▸ PROBLEM DESCRIPTION
Set the material down again exactly, line by line, skipping each picture.

▸ DATASET EXTRACT
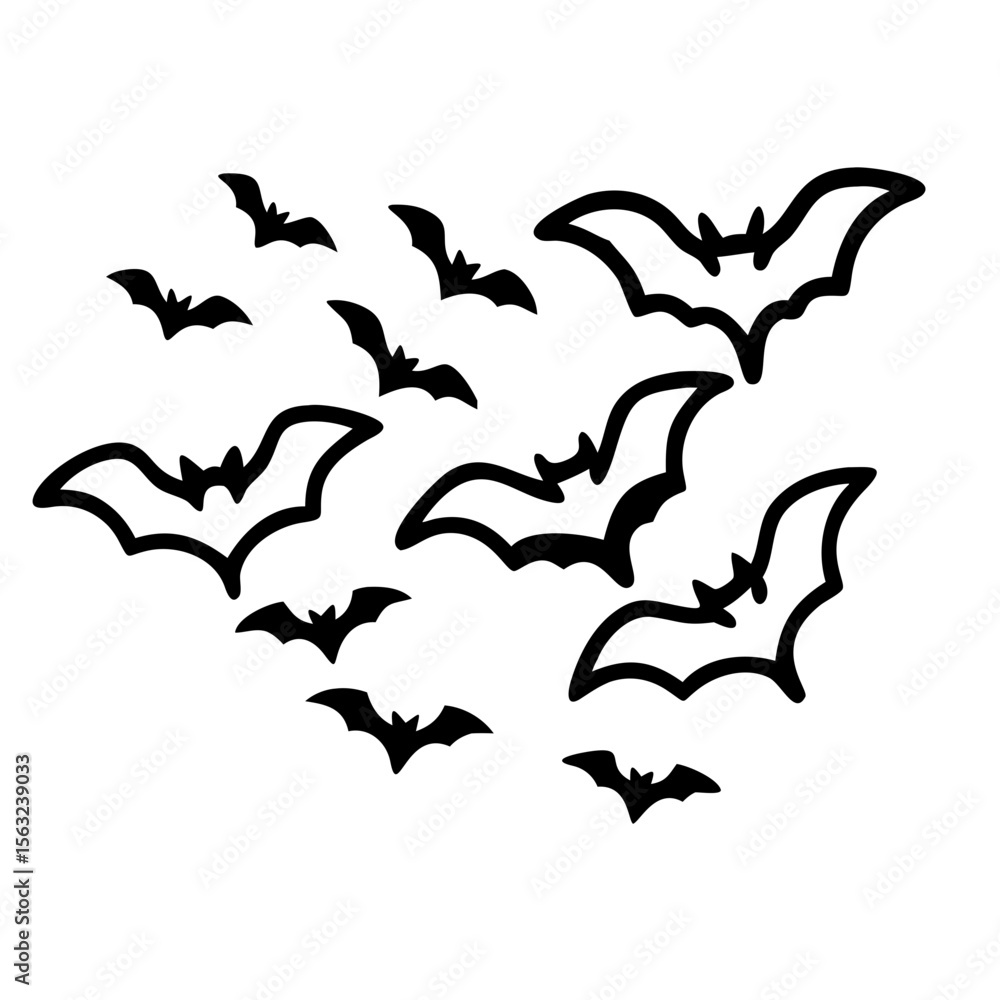 Naklejka premium A group of black bat silhouettes fly in a swarm, isolated on white background, evoking a spooky halloween theme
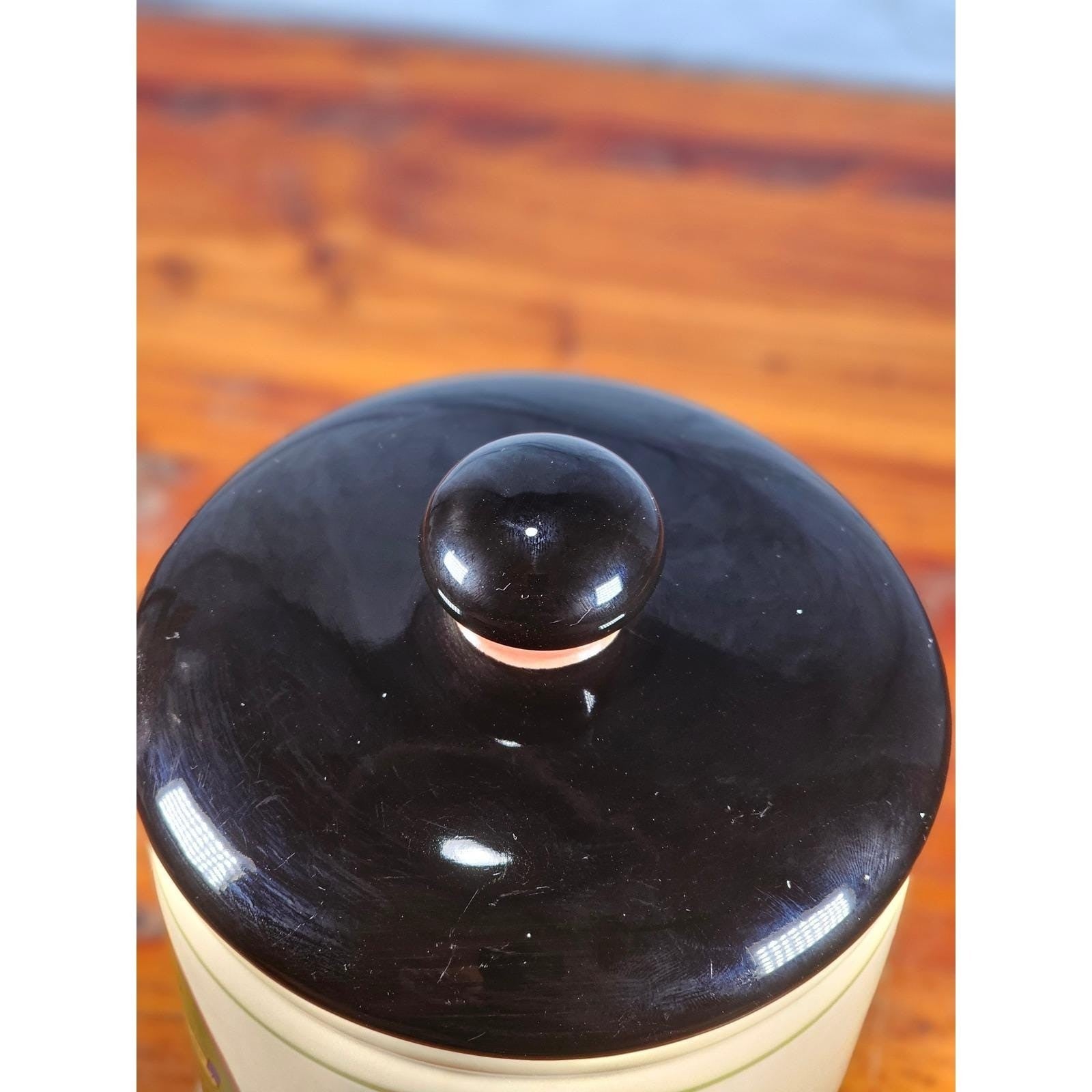 Vintage OGGI Tuscan Wine Label Ceramic Canister With Lid 8 In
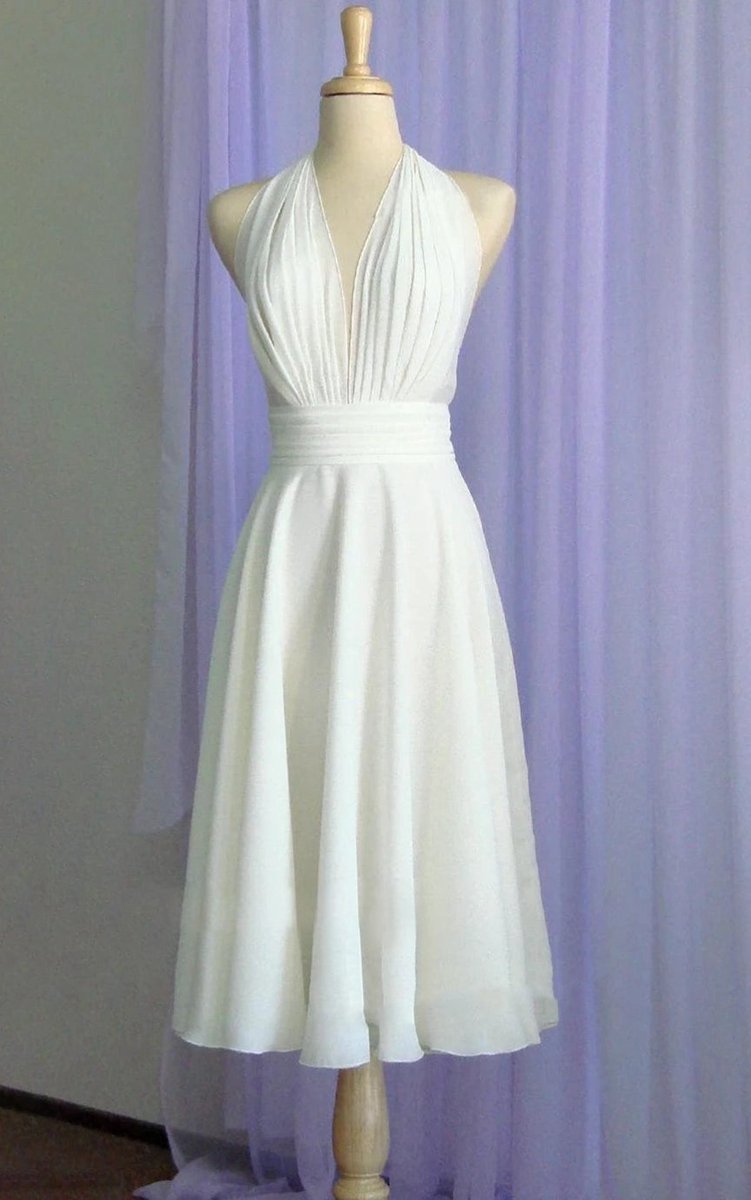 Vintage Tea-Length Chiffon Wedding Dresses with Halter Neck and Bow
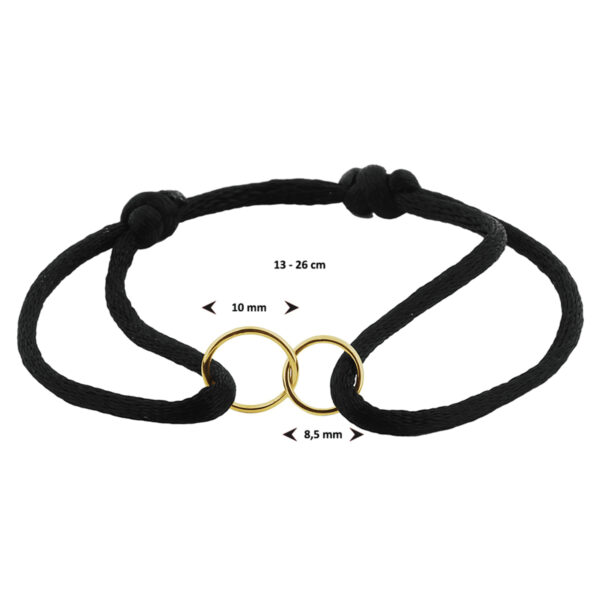 armband satijn rondjes 14K goud met rubber/nylon/leer - Afbeelding 3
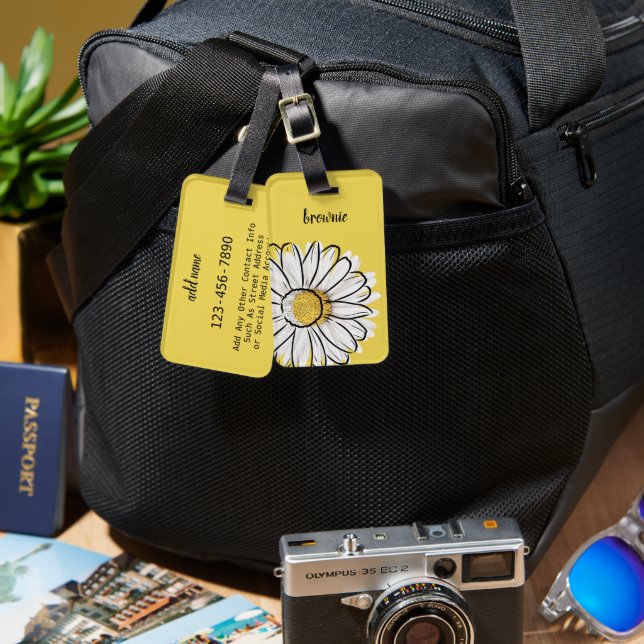 Personalized Whimsical Daisy Luggage Tag  (Front & Back)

▸ RESPONSE TO THIS EXERCISE
 Naklejka premium A group of black bat silhouettes fly in a swarm, isolated on white background, evoking a spooky halloween theme
 Vintage OGGI Tuscan Wine Label Ceramic Canister With Lid 8 In
 Vintage Tea-Length Chiffon Wedding Dresses with Halter Neck and Bow
 armband satijn rondjes 14K goud met rubber/nylon/leer - Afbeelding 3
 Personalized Whimsical Daisy Luggage Tag  (Front & Back)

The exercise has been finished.